William Graham Sumner on the racism which lies behind Imperialism (1898)

William Graham Sumner

Found in War and Other Essays

The American classical liberal sociologist William Graham Sumner (1840-1910) pointed out the contradiction between the American ideal that “all men are equal” with its actual treatment of “Indians and negroes” and other so-called “uncivilized and half-civilized peoples”:

The Americans have been committed from the outset to the doctrine that all men are equal. We have elevated it into an absolute doctrine as a part of the theory of our social and political fabric. It has always been a domestic dogma in spite of its absolute form, and as a domestic dogma it has always stood in glaring contradiction to the facts about Indians and negroes and to our legislation about Chinamen. In its absolute form it must, of course, apply to Kanakas, Malays, Tagals, and Chinese just as much as to Yankees, Germans, and Irish. It is an astonishing event that we have lived to see American arms carry this domestic dogma out where it must be tested in its application to uncivilized and half-civilized peoples. At the first touch of the test we throw the doctrine away and adopt the Spanish doctrine.

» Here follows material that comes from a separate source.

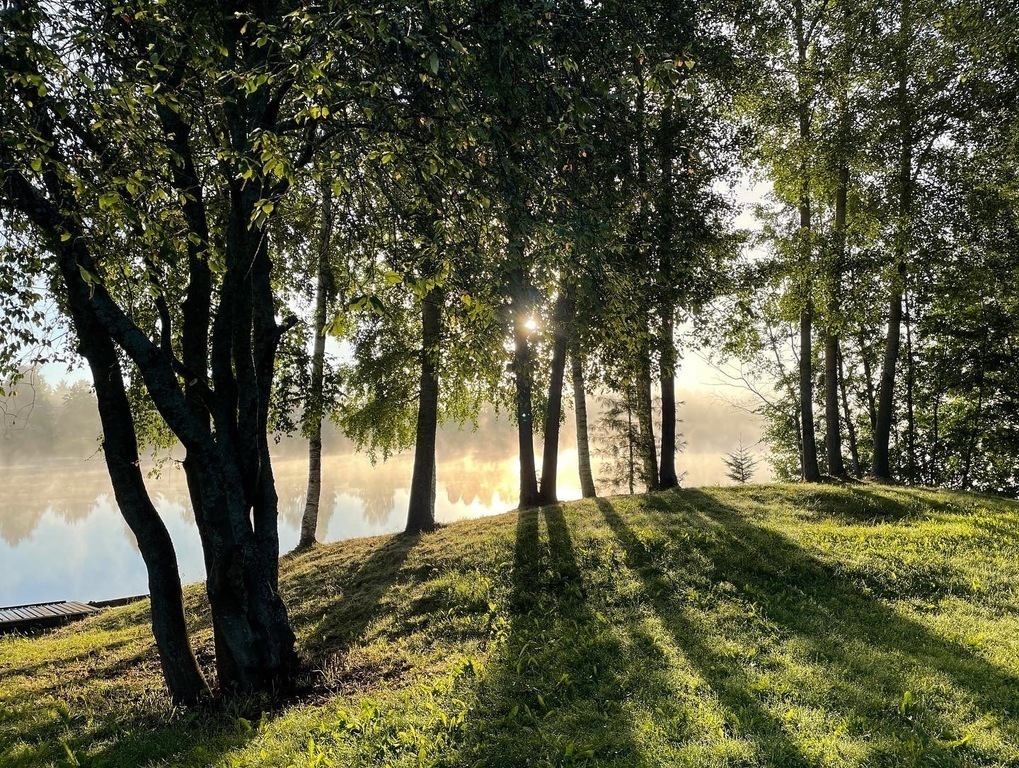 Oulujoki with morning fog.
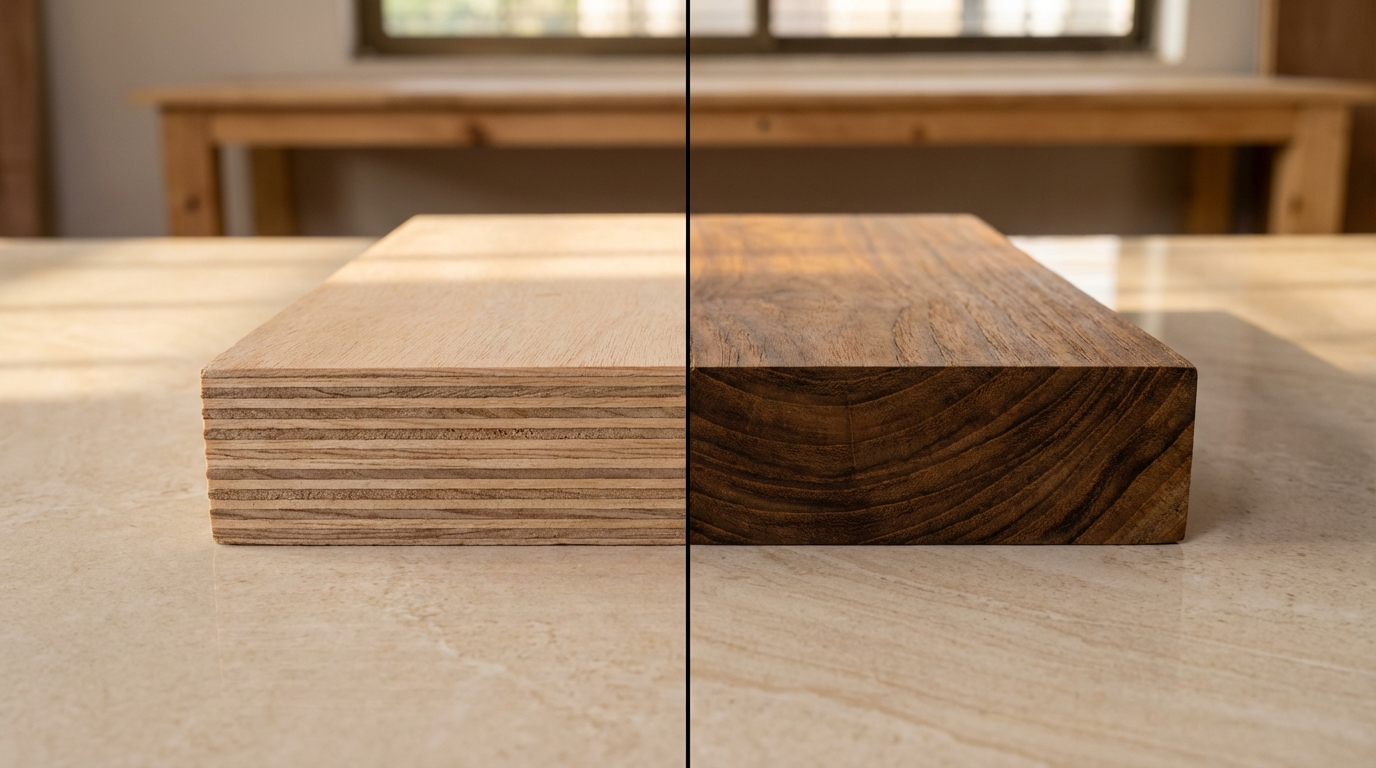Plywood vs Solid Wood: Which is Better for Furniture, Doors & Interiors in India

Sumner wondered about the causes which led a nation, which had fought for its independence from an Empire in 1776, to attempt 120 years later to colonise the territories which it had seized from Spain in 1898. He believed he had found the reason in what he called an “attitude of mind” where many people believed that the “ideas and social arrangements of white men” cannot be applied to people of color. This in turn led to the belief that the white men had to decide what people or races were fit for liberty and self-government and who were not. In the case of the latter, it was the “civilising mission” of the whites to take control of their armies and navies, reorganise their governments, to “train” and “educate” their people in the ways and ideas of the white men, and to rationalise their trade and economic activities. Thus, in his mind, Sumner thought imperialism and foreign intervention were ultimately based upon racism. What had begun as domestic racism had morphed into foreign racism and imperialism, or what he called “the Spanish doctrine.”